This isn’t the first time we have taken action on codeine to better ensure the safety of our children. Since 2013, prescription codeine labeling has contained a Boxed Warning and Contraindication for children up to age 18 years of age regarding the risk of life-threatening respiratory depression following the use of codeine for pain management after the removal of the tonsils (tonsillectomy) and/or adenoids (adenoidectomy). Now, labels for both codeine and tramadol are being updated to include additional Contraindications and Warnings; among the updates are Contraindications for use of codeine or tramadol in all children younger than 12 years of age, warnings about their use in children 12-18 years of age with certain medical conditions, and a stronger warning recommending against their use in nursing mothers. In addition to these labeling changes, labeling for tramadol-containing products will also get a Contraindication for post-operative pain management in children up to age 18 years of age who have undergone tonsillectomy and/or adenoidectomy, which is already in labeling for codeine products.

 

We urge health care providers, stakeholders and the public to read the Drug Safety Communication that we issued today, which provides more detailed information regarding the new Warnings and Contraindications, and the data that informed them.

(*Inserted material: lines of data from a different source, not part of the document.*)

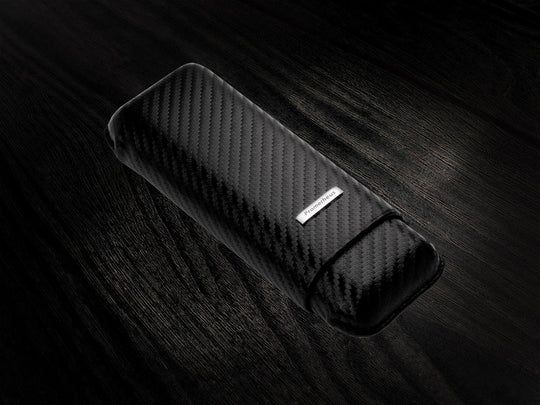 Prometheus X Case Carbon Fiber — Sun of a Gun Cigars, Yuma Arizona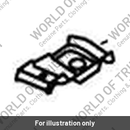 Kit, Harness Retention (T2501795)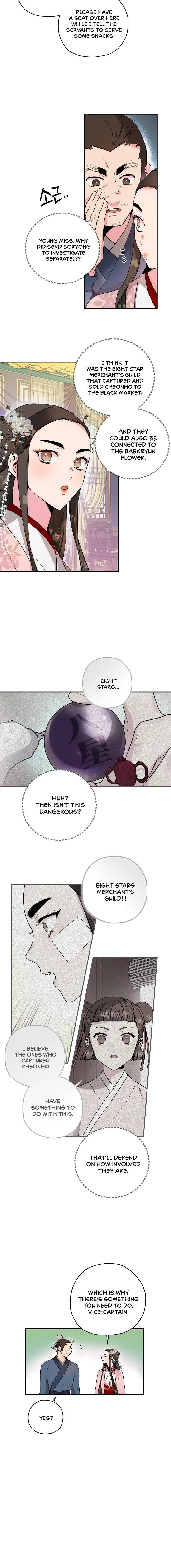 I’m a Martial Art Villainess but I’m the Strongest! Chapter 34 Online - página 10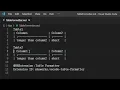 VSCode Markdown Table Formatter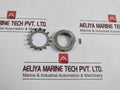Ge 3141658-01 Graph-lock Style Teflon Seal Kit Type 9T G120Ui311-f Rev A1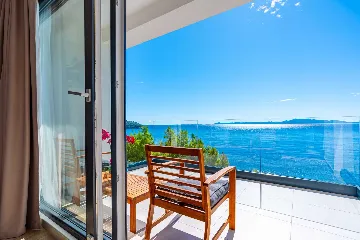 Seaside Pool Villa Retreat Smokvica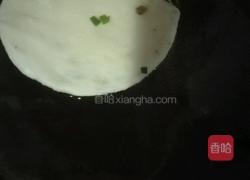 家常葱花肉末饼的做法图解4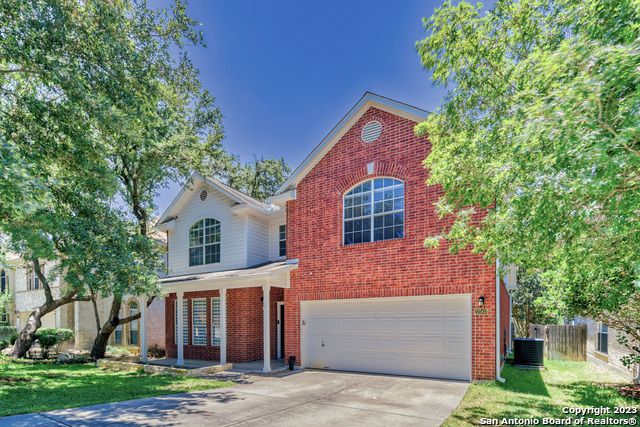 22503 Madison Park, San Antonio, TX 78260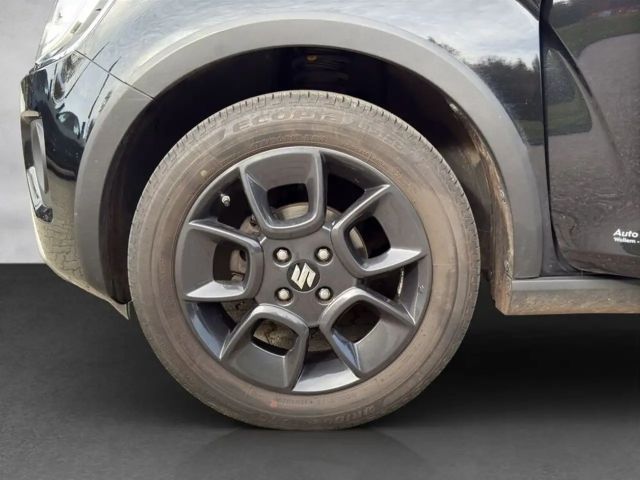 Suzuki Ignis Flash Hybrid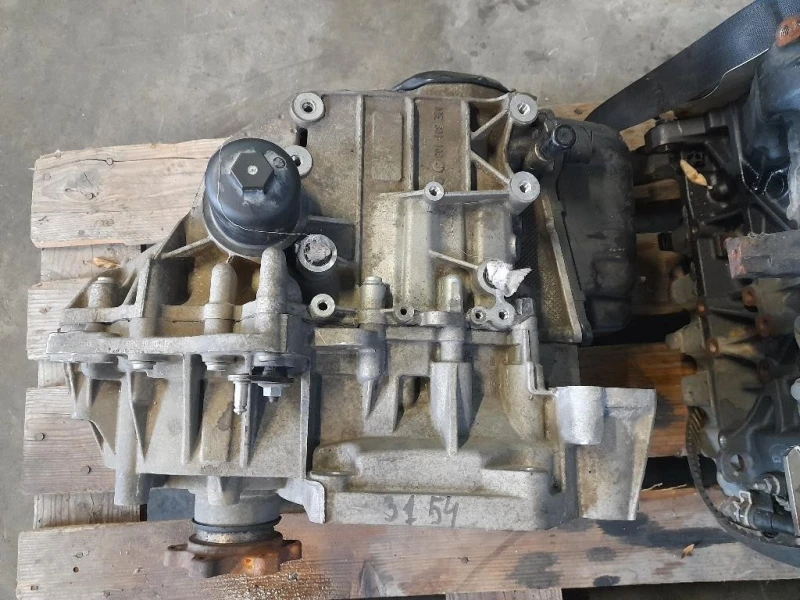 Cambio Revisionato CUN 02E301103J Volkswagen GOLF VII 2013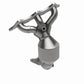 06-09 Eclipse 3.8 ft manf O Direct-Fit Catalytic Converter 49348 Magnaflow - Catalytic Converters Car Part People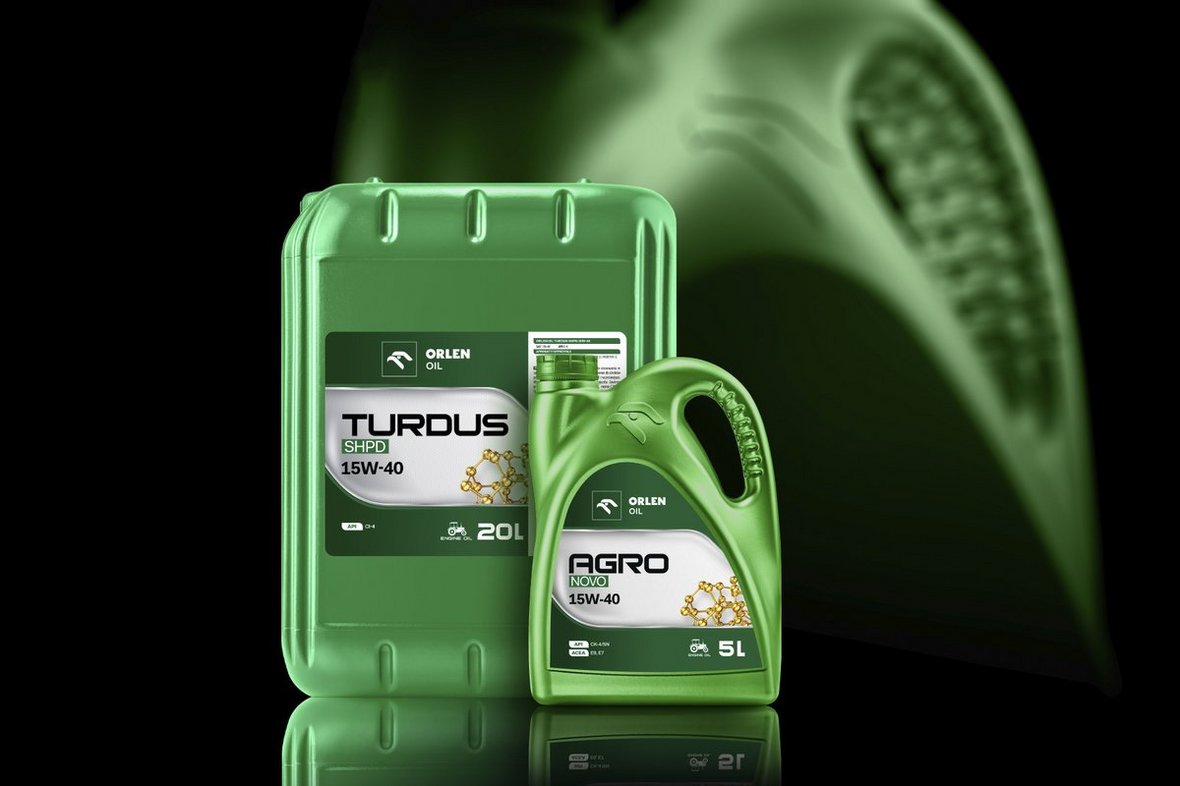 Nowa oferta środków smarnych dla rolnictwa od ORLEN OIL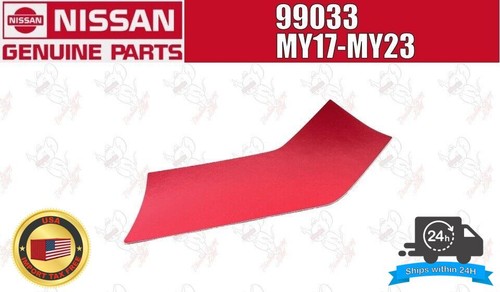 Nissan oem stripe accent - oem, stripe-accent,front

We also encourage parents to review the ingredients of pain medicines to see whether they include codeine or tramadol, and cough medicines to see if they contain codeine. It’s also important to check non-prescription cough and cold medicines that may be sold over the counter, as some of these medicines also include codeine. In all cases, if the medicine contains codeine or tramadol, parents should consult a health care provider before giving their children the medicines or taking them when nursing.

 

We understand that there are limited options when it comes to treating pain or cough in children, and that these changes may raise some questions for health care providers and parents. However, please know that our decision today was made based on the latest evidence and with this goal in mind: keeping our kids safe.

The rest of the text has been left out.